A sort of mirror image of the search for patterns is the quest for true randomness, streams of numbers that actually have no pattern. Malcolm W. Browne, in an article, explained why that is important: “Mathematical ‘models’ designed to predict stock prices, atmospheric warming, airplane skin friction, chemical reactions, epidemics, population growth, the outcome of battles, the location of oil deposits and hundreds of other complex matters” rely on a statistical method that requires—absolutely depends on—a string of truly random numbers. The challenge is to find a way of generating those numbers and of showing that they really are random. Not so easy, as Browne explains, and some computer programs that were used to generate strings of random numbers actually were generating strings that had patterns; they were not random.

The answers to all these questions about randomness and chance can be surprising, revealing, and can make you see the world in a different way. At the very least, they may encourage a bit of skepticism. And they may encourage respect for the enormous difficulties that beset scientists venturing into this uncertain territory.

Chaos Is Defined by New Calculus

A new mathematical definition of chaos, which brings “utter confusion” for the first time under the control of man, was reported to the Fourth International Congress for Applied Mechanics here today.

The definition is a new form of calculus. It enables the scientists to predict what will happen in states of complete confusion. Practical uses are many. Examples are the solving of air turbulence which hampers airplane flights and the flow of liquids in pipes.

This calculus was reported by Dr. Norbert Wiener of the Massachusetts Institute of Technology. The mathematics first card indexes sample kinds of chaos. An engineer can select the sample which most nearly resembles his problem.

The steps of a drunken person illustrate the samples. The wabbly walk was one of the problems in chaos which first interested Dr. Wiener. Each step has no relation to previous steps. But calculus can show how far the “drunk” is likely to go in a given time.
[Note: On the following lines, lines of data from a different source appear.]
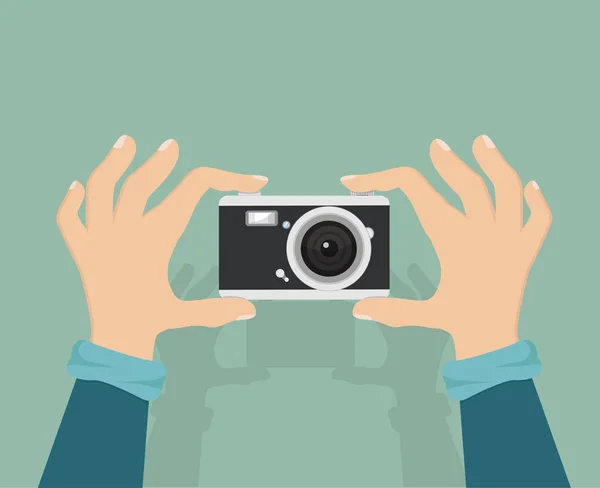 Fotocamera con mano tenerlo — Vettoriale Stock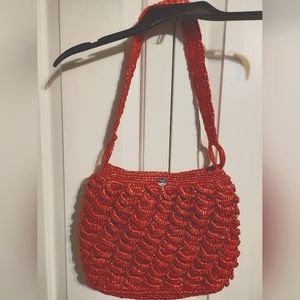 Red strawberry colored straw shoulder bag.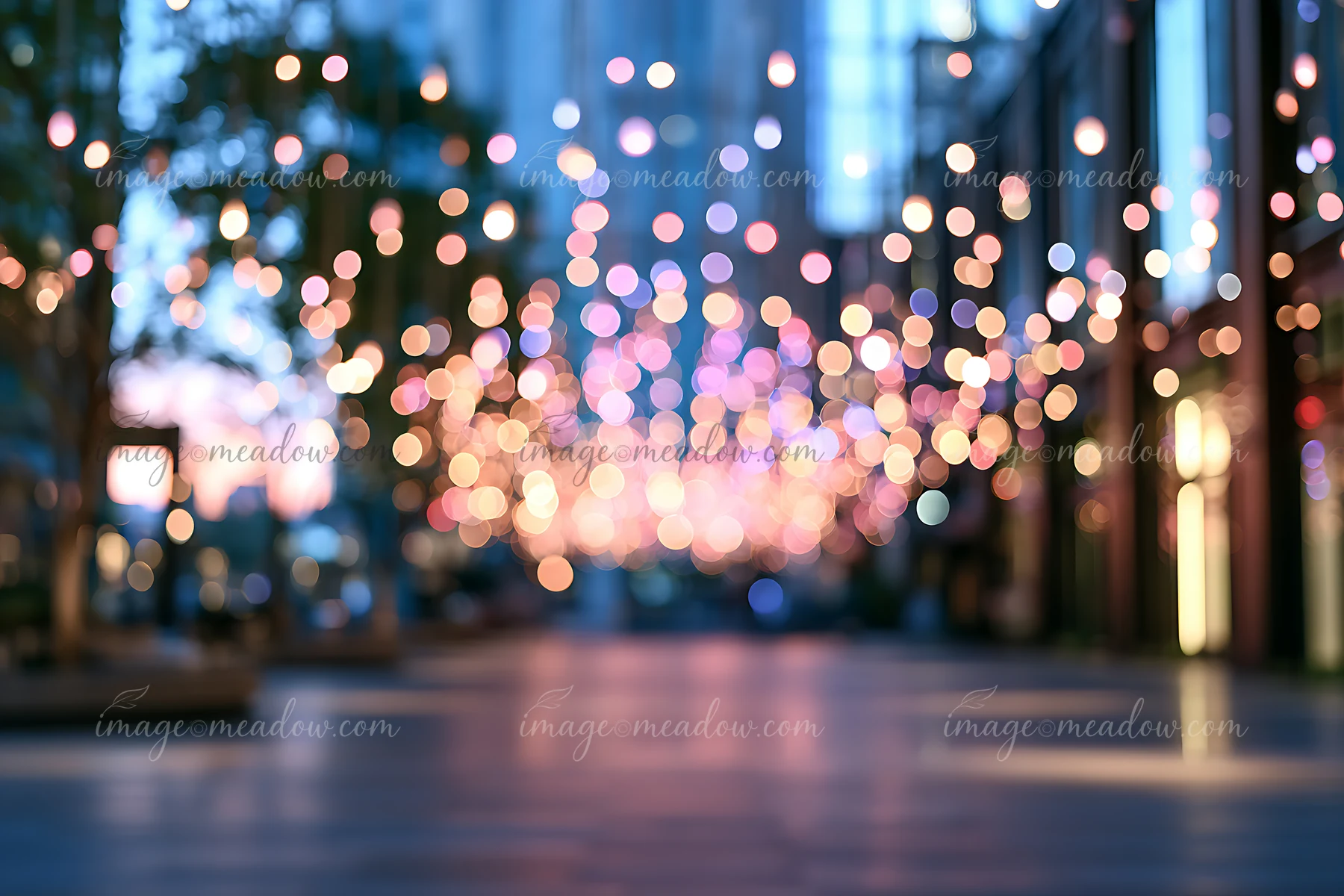 Strings of lights create a vibrant atmosphere in a city street at twilight.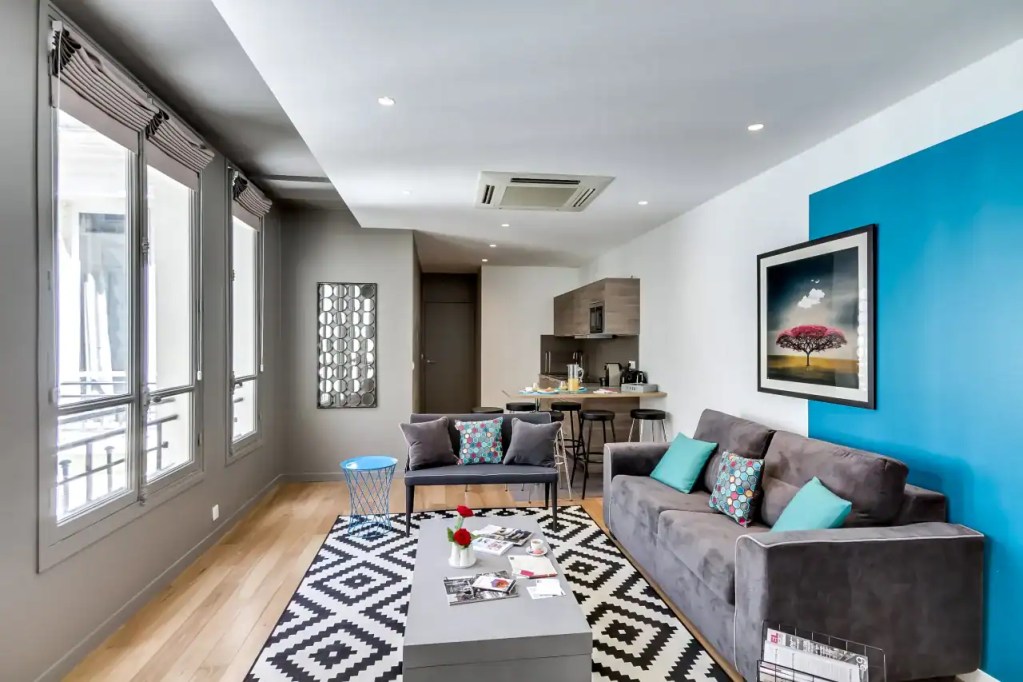 Stylish Champs-Elysees apartment living room with modern decor and large windows.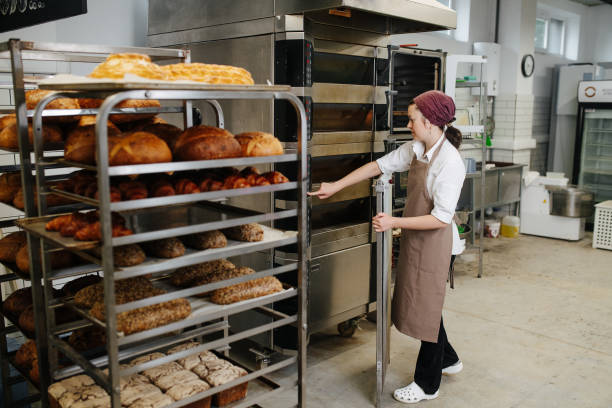 istock Working female baker standing next to a iron tray shelf with fresh bread 1273705734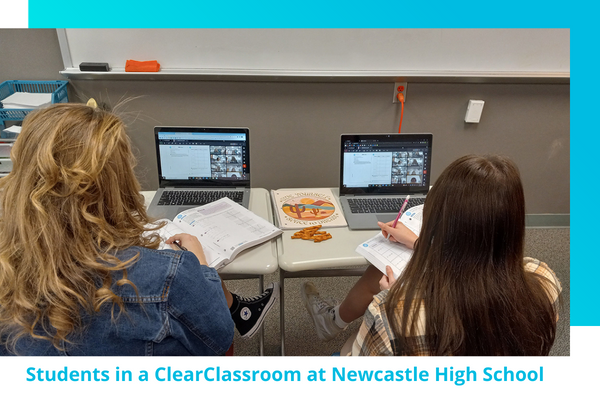 Two students writing in MATHbook in front of laptops in a ClearClassroom, a hybrid virtual instruction for math, at Newcastle High School, Wyoming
Problem in Planets’ Motions

“Perturbations” of the planets, their slight, irregular wanderings from their orbits, are a practical example of chaotic movement. Astronomers have been figuring them for centuries, and an explanation by Dr. Albert Einstein of one unexpected motion helped build his fame.

The new definition, Dr. Wiener explained, is entirely mathematical. It defines “pure” chaos. Practical examples of the “pure” state are difficult, he said, but closest to 100 percent chaos are the noises you hear in a vacuum tube, like the radio. Electrons make them, by striking target. But no single electric makes a sound. The racket comes from “mass,” that is, when a lot of electrons hit simultaneously.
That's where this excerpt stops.